▶ [ACTIVITY]: Leave the pictures out. Return all other data exactly.

▶ [DATA BELOW]:
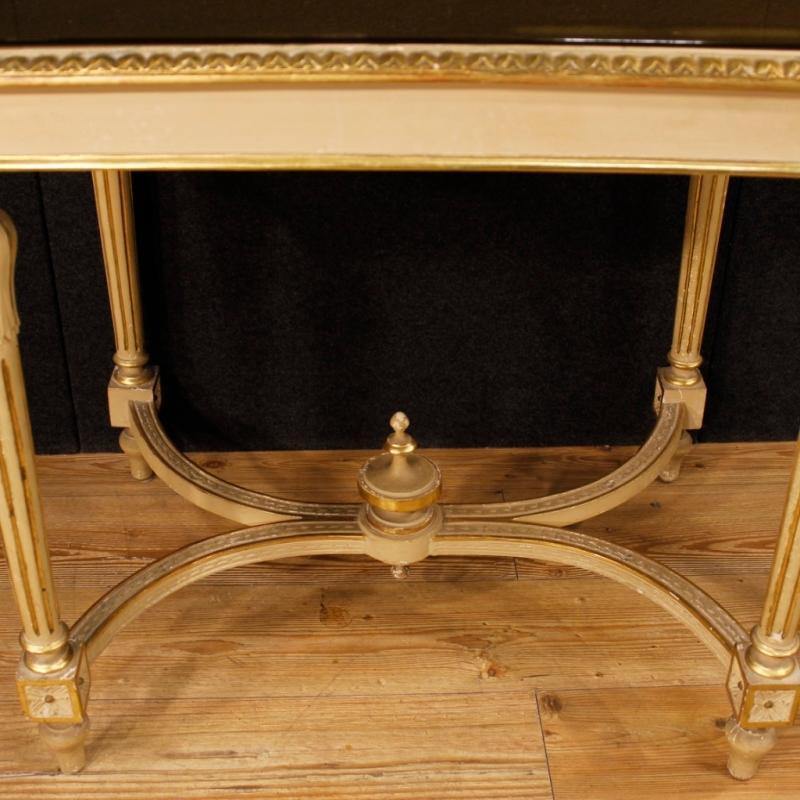 20th Century Italian Lacquered And Gilt Side Table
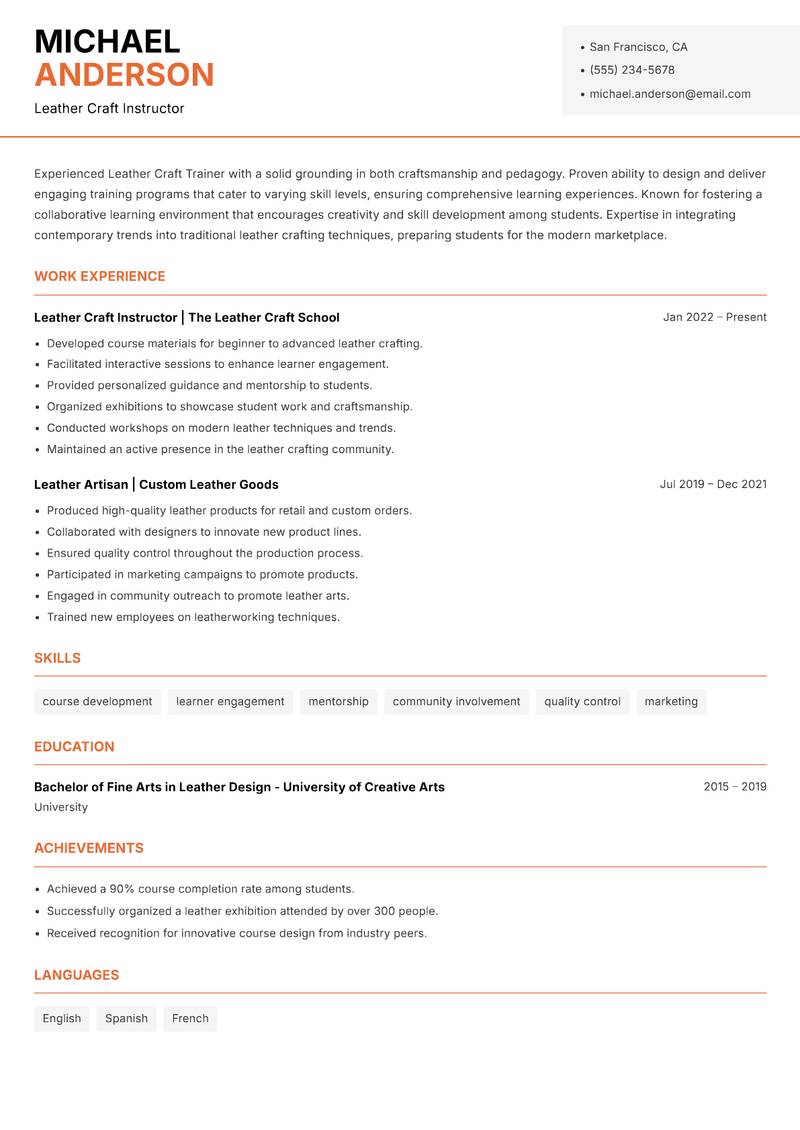 Leather Craft Trainer resume template — Modern Professional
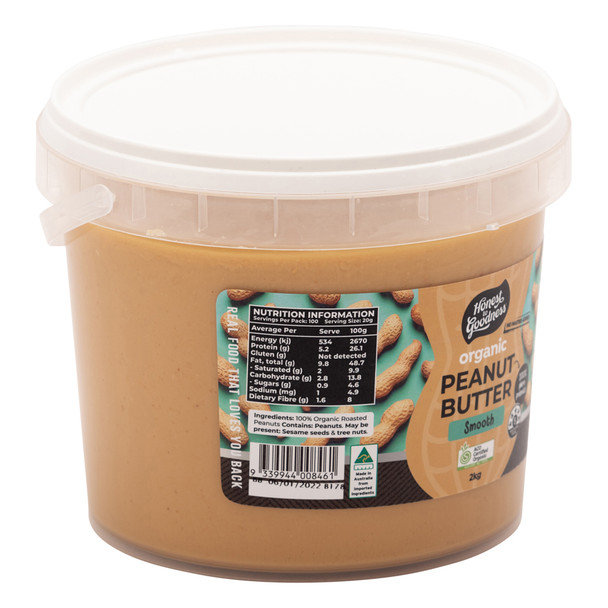 Organic Smooth Peanut Butter 2KG 3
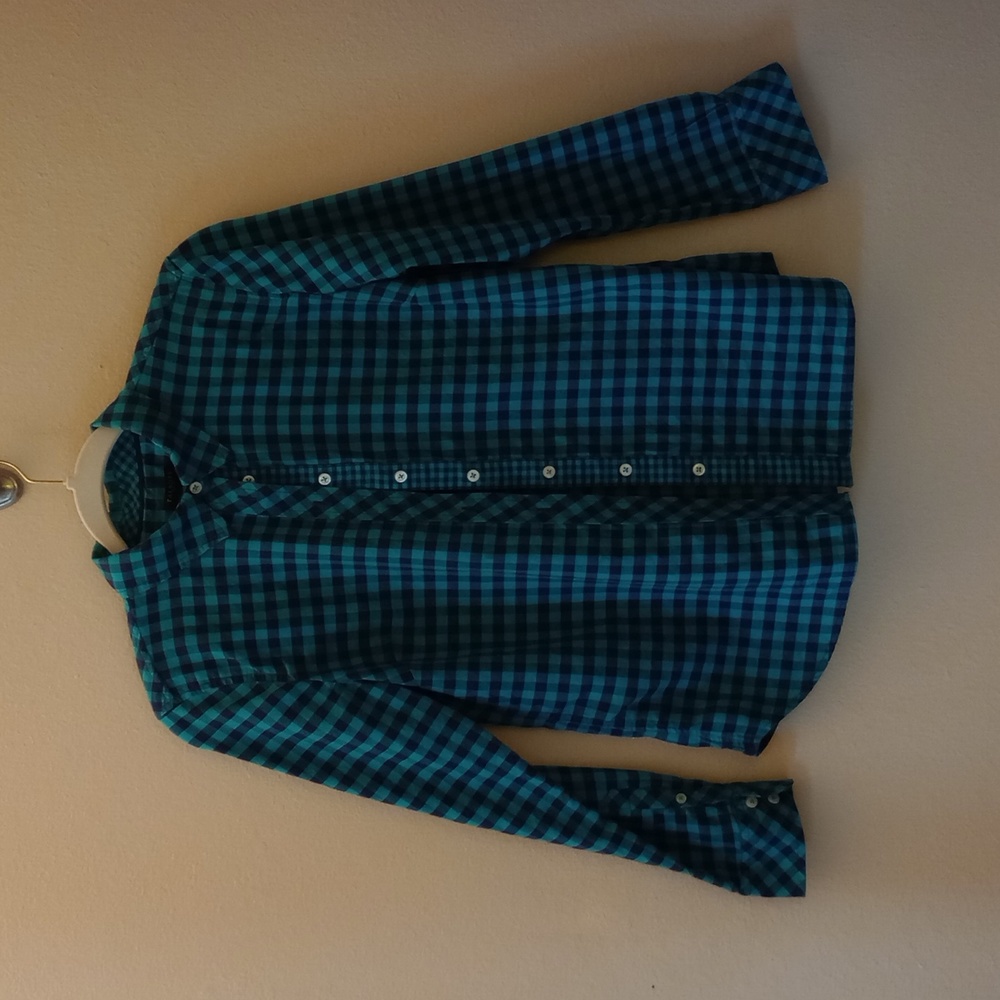 Talbots cotton, long sleeve, gingham shirt. Size S Petite.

▶ [EXERCISE ANSWER]:
 20th Century Italian Lacquered And Gilt Side Table
 Leather Craft Trainer resume template — Modern Professional
 Organic Smooth Peanut Butter 2KG 3
 Talbots cotton, long sleeve, gingham shirt. Size S Petite.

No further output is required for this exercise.